A tube of ivermecitn horse wormer is way cheaper for a couple goats than getting a bottle of ivermectin. But horse wormer is more expensive per animal. 

If you have any amount of livestock, order a 100 count box of needles and syringes on-line. Way way cheaper. Not like they will go bad. 

Just discovered a generic powdered corid that is almost 50% cheaper thru Jeffers than name brand powdered corid.


----------



## nancy d (Oct 5, 2007)

You can never have too many double end snaps. Brass not nickel plated which rusts.
Top that with a few eye bolts placed at different heights along fence inside & out. 
When you have a goat needing attention you dont have to bring her out just put collar on & snap to eye bolt.


----------



## ptgoats45 (Nov 28, 2011)

Just thought of something else.. When you are buying feed pay attention to how many lbs of feed is in the bag. TSC, Orscheln's and Atwoods carry almost all of their feed in 40 lb bag anymore instead of 50. Some of the grains are still in 50 lb bags, but most of the pelleted feed is not. So if you are looking at prices at a co-op vs the chain feed store it might seem cheaper at the chain, but if it is only 40 lbs more than likely it is more expensive. If I am comparing I always figure how much it costs per lb to know which one is the better deal. For example my alfalfa pellets (from the co-op) come in a 50 lb bag for $10, so $10 divided by 50 lbs is 20 cents per lb. Standlee brand pellets are $11.99 for 40 lbs which comes out to about 29 cents per lb. At this point I have to decide if it is still cheaper to drive over an hour away to the co-op to get a ton of pellets, or just drive about 10 miles down the road for enough pellets for the week. I usually go to the co-op because not only are the pellets whole 9 cents cheaper per lb, but when I buy a ton, they take off 1%, or $4 off the total which makes it a tiny bit cheaper. lol


----------



## kramsay (Mar 7, 2013)

Carry your calculator every where! -- this drives my husband crazy that I compare prices on everything! 

feeders that can be filled outside of the pen! 

A stick when you have to go into the pen to feed, especially in the buck pen. I have only hit a few, but the sight of it keeps them from attacking you and spilling the bucket of feed.


----------



## 20kidsonhill (Feb 28, 2011)

Feed your hay off the ground in good hay feeders, Hay is not free these days. Well it is not free for us. Wasted hay is wasted money and Straw is cheaper for bedding. And in my opinion straw is a better bedding anyway.


----------



## TDG-Farms (Jul 12, 2013)

Agree ^^^ not to mention the less they eat off the ground the less contact with worms


----------



## kramsay (Mar 7, 2013)

Round bales save lots of money if you have the right set up to feed them with  

saw mills will normally give away saw dust! you can load a full size truck bed full in about 15 minutes with just one person and a scoop shovel 
- some people hate saw dust, I love it


----------



## 20kidsonhill (Feb 28, 2011)

FYI: You should not use saw dust when kidding, It increases chances of infections. we did find a place that chips up pallets and we use those In our show pens at the fair, way cheaper than getting bagged chips for the pens. 
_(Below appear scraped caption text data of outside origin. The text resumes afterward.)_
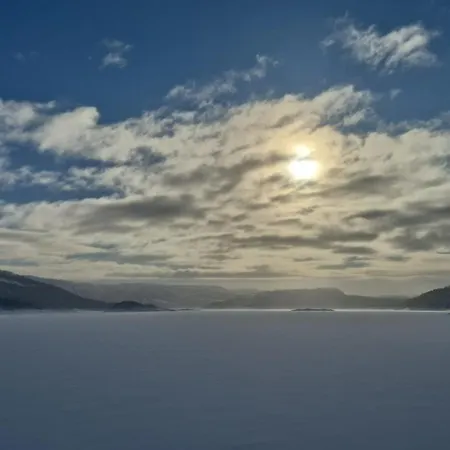Fjellheim Panorama *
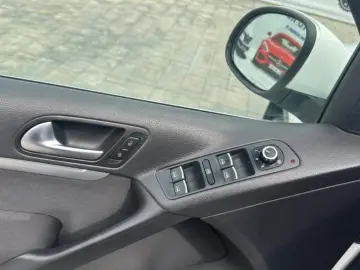 Volkswagen TIGUAN 2011 11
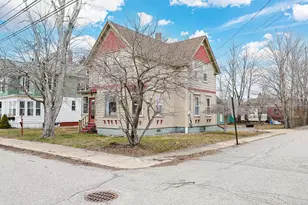 13 Edmund St, Sanford, ME 04083 - Photo 1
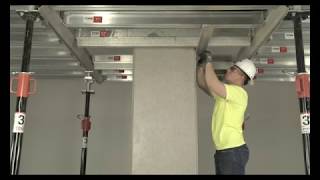 How to Install the TITAN Column Lock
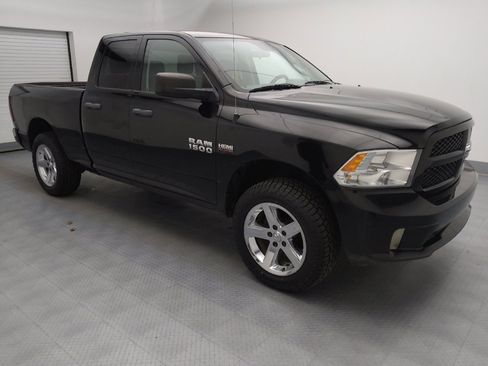 Used 2014 RAM 1500 Express image 11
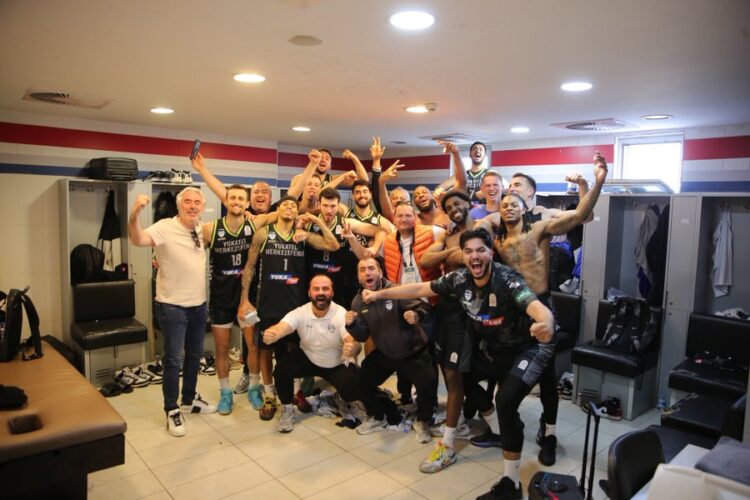 merkezefendi belediyesi basket darussafaka yi deplasmanda devirdi habermeydan
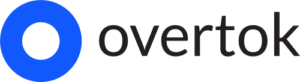 Overtok logo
We do some round bales, but hard to find them stored inside and most farmers in our area cut their first cutting into round bales and then their 2nd cuttings, ect. into square bales. I just have not had too good of luck with good quality round bales, but if you can get them and handle them it is cheaper as long as the hay is not being wasted.


----------



## 20kidsonhill (Feb 28, 2011)

We looked into having our feed bulk delivered, they don't charge delivery cost, because we are close enough. It is way cheaper than having it bagged and going to the store and buying it and we don't have to spend the gas to go and get it. They charge $2.00 a bag to bag 50lbs of feed. So right there you are saving 2 bucks for every 50 lbs. 
We put our feed in tubs that hold !,200 lbs and use a floor jack, we got the tubs from a plant that was selling their tubs that were not good enough for production. You can also make wooden bins with lids, or use 55 gallon barrels, they hold 300 lbs each of pelleted feed. We move them on a dolly. WE do not have a big tractor or fork lift. But we do have a concret floor in the front half of our barn making it a little easier to move the things around. But I was told the boon on the truck can go through a door pretty well and dump into bins just inside the doorway. So there are possibilities of different set ups. We Share our deliveries with another farm, so then I measure and bag some of the feed. that is a bit of a pain. But saves us both a quite a bit of money. 
We do have to get a ton of each feed mix at a time. So I have to get a ton of goat pellets and if I want cracked corn I have to get a ton of that as well.


----------



## lottsagoats (Dec 10, 2012)

Buy supplies on sale-stock up! I save up and buy once a year when Jeffers has a sale. I get free shipping and save a bundle because the prices are reduced.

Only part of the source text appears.